Part II will be a panel discussion involving current journal editors, accomplished authors, and first-time submitters, who will provide their perspectives on what journals want and expect. Other topics will include the authorship experience, why (and when) you should publish, how to select the right journal for your work, and the changing post-publication measures of impact. Confirmed speakers include:

Current journal editors: Gary Benson from Nucleic Acids Research, Andrej Sali from Structure, and Alfonso Valencia and Alex Bateman from Bioinformatics

Experienced and accomplished authors: Mark Gerstein and Chris Sander

First time/prospective authors: – two members of the ISCB Student Council

As in Part I, Part II will include brief (10-minute) presentations by the speakers from each category (editors, experienced authors, and new/prospective authors) followed by a 25-minute interactive session involving speakers and attendees as much as possible.
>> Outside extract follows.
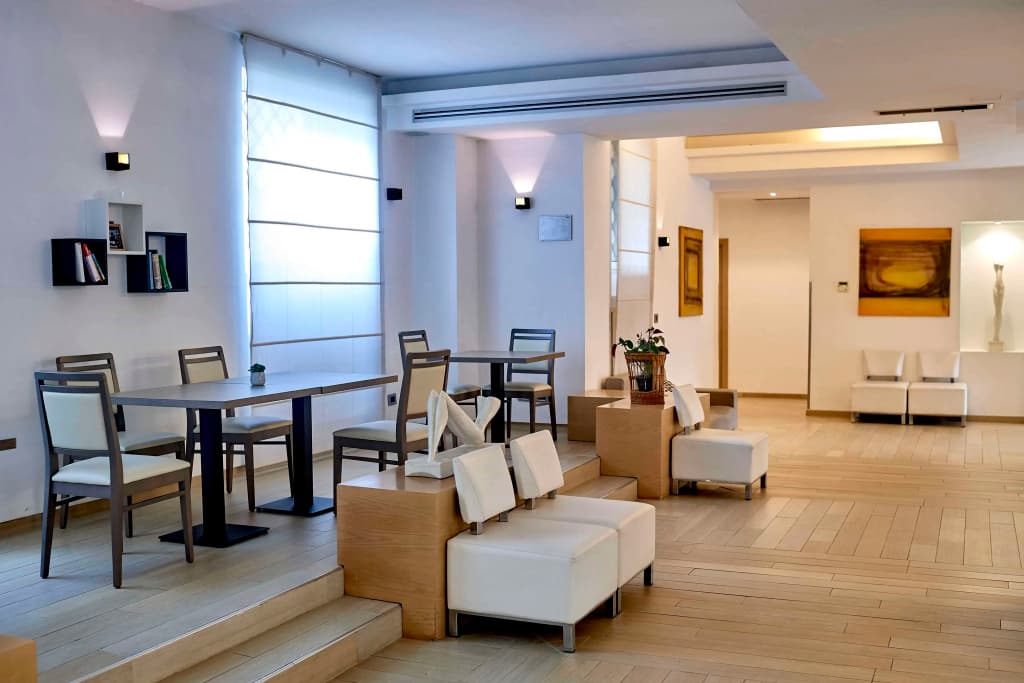 Occidental Aurelia - photo 7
How to write a good scientific research article and select the best journal for your work is something that is not traditionally taught to graduate students and postdoctoral fellows. This Workshop brings together experts who have been through the experience on many occasions as authors and who have responsibility for selecting papers for the major journals in our field. At the conclusion of the Workshop, the attendees should have a clear idea of the elements of a good paper, regardless of the journal, and an understanding of the scope, submission requirements, and what key journals are looking for. The content and discussion in Part II will also appeal to more seasoned scientists seeking to publish their work.